Que los motivos que hay detrás de la “ley antidespidos” son estrictamente políticos, es algo que a esta altura se cae de maduro. Si tuvieran que atenerse a principios ideológicos, ni el bloque massista ni el bloque kirchnerista deberían haber siquiera considerado la posibilidad de una ley de esta naturaleza. Perón y Cristina Kirchner, cada uno en su tiempo, y siendo Gobierno, arremetieron contra proyectos de ley prácticamente idénticos al que ahora sus pretendidos continuadores aprobaron con entusiasmo.
¿En qué se basan, pues, estos motivos estrictamente políticos? Para decirlo en una palabra, al massismo le conviene fortalecerse como oposición y ello lo obliga a despegarse del papel de tímido acompañante del oficialismo que hasta ahora había desempeñado; al kirchnerismo directamente le conviene que al Gobierno y, por añadidura, al país, le vaya mal.

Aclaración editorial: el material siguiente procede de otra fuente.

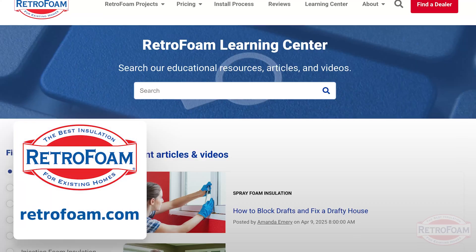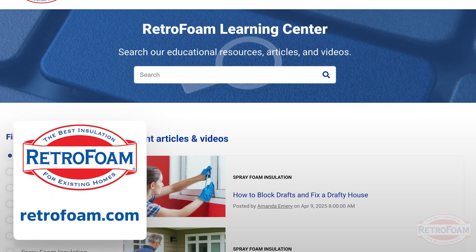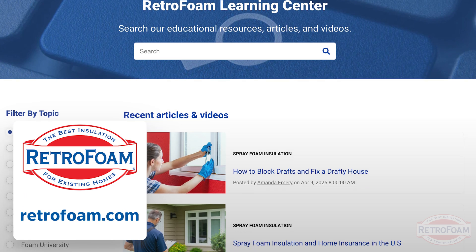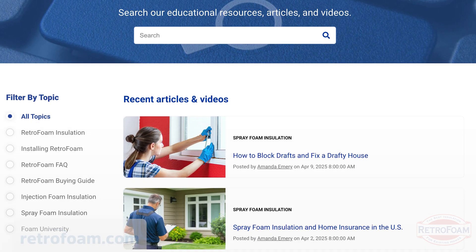Now if you want to learn more about building science, home insulation, and everything awesome that foam insulation can do, check out the learning center on our website. There you're going to find tons of articles, videos, and resources to answer all of your questions. I'm your Building Science Brainiac, reminding you to bring a little science to every project.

Esto no es novedad: más de uno ya lo dijo sin pelos en la lengua de manera pública.
Pero lo que todos calculan que ha de ser un enorme costo político, puede convertirse en una gran oportunidad política, en virtud de cómo sea manejado el tema, por supuesto. En efecto, en el veto de la ley colisionan dos relatos que, dependiendo cuál salga victorioso, el tiro puede salirle por la culata a la oposición.
Por un lado, tenemos el relato de la “ley en favor de los trabajadores” que un Macri “que representa a las clases adineradas y acomodadas de la Argentina” vetará precisamente en función de esta representación clasista (la realidad indica, no obstante, que esta ley a quienes más perjudicará será a las pequeñas y medianas empresas). Pero por el otro, aparece un Macri decidido a apuntalar un cambio estructural —y “cambiemos” aquí dejaría de ser apenas un simpático slogan político— que reoriente nuestra economía en base a un nuevo proyecto modernizador bajo el cual, leyes populistas de naturaleza cortoplacista, no tienen cabida y por ello mismo a aquélla se la ha designado como “ley antiempleo”.
Macri ya ha mostrado que es capaz de dar marcha atrás con algunas decisiones cuando éstas traen aparejados costos políticos, pero por su naturaleza no hacen al núcleo duro del muevo modelo económico que se pretende para la Argentina. El caso de los jueces de la Corte Suprema designados por decreto y la posterior rectificación del Presidente es acaso el ejemplo más claro que nos han dado estos pocos meses de gobierno.
El problema de la “ley antidespidos” es que efectivamente pone palos en la rueda que podrían trabar los engranajes que se han ensamblado para construir el nuevo modelo económico. No es casualidad que en el anuncio del veto en su visita a la empresa avícola Cresta Roja —fundida en la “década ganada”—, Macri haya hecho hincapié en tres significantes que deben apuntalar la narrativa del nuevo Gobierno: libertad, confianza y cambio.
Un Presidente que tiene más de empresario que de político necesita tener gestos específicamente políticos que vayan estabilizando su poder simbólico. Esto, sobre todo, en un país que no sólo por razones sociológicas e históricas, sino también por ingeniería constitucional, es hiperpresidencialista. El veto puede ser uno de esos gestos, y es aquí donde se muestra como oportunidad.
Pero la oportunidad no sólo sería en términos del liderazgo a nivel doméstico que Macri debe trabajar día a día, sino también como una forma de decirle al mundo y a los inversores que el Gobierno está esperando con brazos abiertos: entre la política y la economía, elegimos esta última. El cambio es también recuperar la seguridad jurídica, para que deje de ser ese “concepto horrible” que tanto odiaba Axel Kicillof.